Transcribe exactly, and only, the lines from the one containing "Prangry Definition Hoodie, Funny" through the last line of the data.

::: Extracted entries

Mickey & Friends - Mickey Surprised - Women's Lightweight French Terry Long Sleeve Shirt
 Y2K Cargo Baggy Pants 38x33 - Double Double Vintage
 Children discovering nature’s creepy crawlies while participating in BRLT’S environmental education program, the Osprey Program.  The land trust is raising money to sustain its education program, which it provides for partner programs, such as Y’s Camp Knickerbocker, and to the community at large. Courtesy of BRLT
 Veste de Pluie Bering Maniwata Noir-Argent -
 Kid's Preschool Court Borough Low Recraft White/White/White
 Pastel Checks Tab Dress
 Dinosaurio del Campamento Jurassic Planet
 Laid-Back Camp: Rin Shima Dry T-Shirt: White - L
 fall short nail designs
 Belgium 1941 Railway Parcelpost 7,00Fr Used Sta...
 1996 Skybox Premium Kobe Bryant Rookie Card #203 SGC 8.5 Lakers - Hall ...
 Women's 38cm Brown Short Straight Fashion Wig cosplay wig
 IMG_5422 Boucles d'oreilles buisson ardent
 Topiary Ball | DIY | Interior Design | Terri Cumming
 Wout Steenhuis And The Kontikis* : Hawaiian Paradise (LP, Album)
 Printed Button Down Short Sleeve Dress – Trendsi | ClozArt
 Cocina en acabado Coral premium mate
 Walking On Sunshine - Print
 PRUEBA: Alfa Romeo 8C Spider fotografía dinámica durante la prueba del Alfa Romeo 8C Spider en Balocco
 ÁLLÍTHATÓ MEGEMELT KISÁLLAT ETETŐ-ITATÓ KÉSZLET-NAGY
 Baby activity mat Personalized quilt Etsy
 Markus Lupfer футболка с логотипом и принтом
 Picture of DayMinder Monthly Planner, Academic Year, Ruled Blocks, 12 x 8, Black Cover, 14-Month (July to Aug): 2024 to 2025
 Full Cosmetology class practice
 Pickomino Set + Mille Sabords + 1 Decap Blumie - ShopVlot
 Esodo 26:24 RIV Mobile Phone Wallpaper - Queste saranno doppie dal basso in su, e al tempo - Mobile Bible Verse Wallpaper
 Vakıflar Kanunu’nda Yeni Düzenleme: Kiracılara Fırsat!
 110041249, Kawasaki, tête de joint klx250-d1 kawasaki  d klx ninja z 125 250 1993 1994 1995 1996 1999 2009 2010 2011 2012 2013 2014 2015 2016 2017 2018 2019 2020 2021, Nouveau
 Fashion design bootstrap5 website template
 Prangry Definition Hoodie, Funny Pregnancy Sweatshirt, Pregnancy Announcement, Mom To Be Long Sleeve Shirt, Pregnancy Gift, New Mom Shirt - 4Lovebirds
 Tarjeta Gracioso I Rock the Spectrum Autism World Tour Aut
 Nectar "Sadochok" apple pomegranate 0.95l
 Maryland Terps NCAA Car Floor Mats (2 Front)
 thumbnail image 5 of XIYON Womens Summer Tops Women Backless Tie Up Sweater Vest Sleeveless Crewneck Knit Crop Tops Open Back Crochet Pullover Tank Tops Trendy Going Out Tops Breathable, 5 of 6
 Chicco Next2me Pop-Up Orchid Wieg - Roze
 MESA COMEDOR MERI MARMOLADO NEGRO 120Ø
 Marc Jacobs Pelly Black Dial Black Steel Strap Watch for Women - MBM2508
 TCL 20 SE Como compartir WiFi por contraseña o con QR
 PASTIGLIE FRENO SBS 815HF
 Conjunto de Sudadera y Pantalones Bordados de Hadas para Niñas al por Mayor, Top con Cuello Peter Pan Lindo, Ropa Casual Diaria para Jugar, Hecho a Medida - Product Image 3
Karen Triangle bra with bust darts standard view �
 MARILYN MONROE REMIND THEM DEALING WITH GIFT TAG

::::::

Completed exercise »
 Prangry Definition Hoodie, Funny Pregnancy Sweatshirt, Pregnancy Announcement, Mom To Be Long Sleeve Shirt, Pregnancy Gift, New Mom Shirt - 4Lovebirds
 Tarjeta Gracioso I Rock the Spectrum Autism World Tour Aut
 Nectar "Sadochok" apple pomegranate 0.95l
 Maryland Terps NCAA Car Floor Mats (2 Front)
 thumbnail image 5 of XIYON Womens Summer Tops Women Backless Tie Up Sweater Vest Sleeveless Crewneck Knit Crop Tops Open Back Crochet Pullover Tank Tops Trendy Going Out Tops Breathable, 5 of 6
 Chicco Next2me Pop-Up Orchid Wieg - Roze
 MESA COMEDOR MERI MARMOLADO NEGRO 120Ø
 Marc Jacobs Pelly Black Dial Black Steel Strap Watch for Women - MBM2508
 TCL 20 SE Como compartir WiFi por contraseña o con QR
 PASTIGLIE FRENO SBS 815HF
 Conjunto de Sudadera y Pantalones Bordados de Hadas para Niñas al por Mayor, Top con Cuello Peter Pan Lindo, Ropa Casual Diaria para Jugar, Hecho a Medida - Product Image 3
Karen Triangle bra with bust darts standard view �
 MARILYN MONROE REMIND THEM DEALING WITH GIFT TAG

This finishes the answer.